***** Records to process
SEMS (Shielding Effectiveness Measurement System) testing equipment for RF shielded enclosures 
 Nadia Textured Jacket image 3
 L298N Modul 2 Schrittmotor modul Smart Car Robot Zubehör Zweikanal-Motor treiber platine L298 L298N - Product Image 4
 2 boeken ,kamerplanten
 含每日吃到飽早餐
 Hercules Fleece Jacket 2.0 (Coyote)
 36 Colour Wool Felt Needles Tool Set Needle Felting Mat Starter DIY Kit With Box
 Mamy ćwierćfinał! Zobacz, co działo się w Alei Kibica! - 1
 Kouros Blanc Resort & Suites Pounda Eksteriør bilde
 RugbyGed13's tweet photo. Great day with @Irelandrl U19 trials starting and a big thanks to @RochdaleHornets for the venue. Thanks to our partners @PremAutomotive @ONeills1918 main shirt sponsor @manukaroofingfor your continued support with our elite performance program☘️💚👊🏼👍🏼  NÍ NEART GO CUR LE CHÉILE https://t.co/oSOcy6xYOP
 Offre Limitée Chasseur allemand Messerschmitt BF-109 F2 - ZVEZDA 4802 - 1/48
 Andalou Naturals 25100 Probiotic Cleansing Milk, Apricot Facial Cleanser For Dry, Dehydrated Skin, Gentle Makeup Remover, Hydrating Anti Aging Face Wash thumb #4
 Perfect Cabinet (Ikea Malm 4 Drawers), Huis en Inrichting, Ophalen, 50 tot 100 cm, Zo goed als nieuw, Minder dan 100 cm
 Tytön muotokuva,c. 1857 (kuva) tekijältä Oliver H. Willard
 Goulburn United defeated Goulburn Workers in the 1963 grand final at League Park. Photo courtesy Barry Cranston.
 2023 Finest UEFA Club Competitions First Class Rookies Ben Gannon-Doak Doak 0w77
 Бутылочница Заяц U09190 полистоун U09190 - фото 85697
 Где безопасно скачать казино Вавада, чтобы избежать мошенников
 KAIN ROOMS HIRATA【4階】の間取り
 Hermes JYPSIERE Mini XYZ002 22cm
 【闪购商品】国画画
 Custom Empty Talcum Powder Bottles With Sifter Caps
**********
:: Work request ::
Give back precisely the lines above that start at the line containing "RugbyGed13's tweet photo." and end at the line containing "Tytön muotokuva,c. 1857", inclusive. No other lines belong in the output.

:: Result of this exercise ::
 RugbyGed13's tweet photo. Great day with @Irelandrl U19 trials starting and a big thanks to @RochdaleHornets for the venue. Thanks to our partners @PremAutomotive @ONeills1918 main shirt sponsor @manukaroofingfor your continued support with our elite performance program☘️💚👊🏼👍🏼  NÍ NEART GO CUR LE CHÉILE https://t.co/oSOcy6xYOP
 Offre Limitée Chasseur allemand Messerschmitt BF-109 F2 - ZVEZDA 4802 - 1/48
 Andalou Naturals 25100 Probiotic Cleansing Milk, Apricot Facial Cleanser For Dry, Dehydrated Skin, Gentle Makeup Remover, Hydrating Anti Aging Face Wash thumb #4
 Perfect Cabinet (Ikea Malm 4 Drawers), Huis en Inrichting, Ophalen, 50 tot 100 cm, Zo goed als nieuw, Minder dan 100 cm
 Tytön muotokuva,c. 1857 (kuva) tekijältä Oliver H. Willard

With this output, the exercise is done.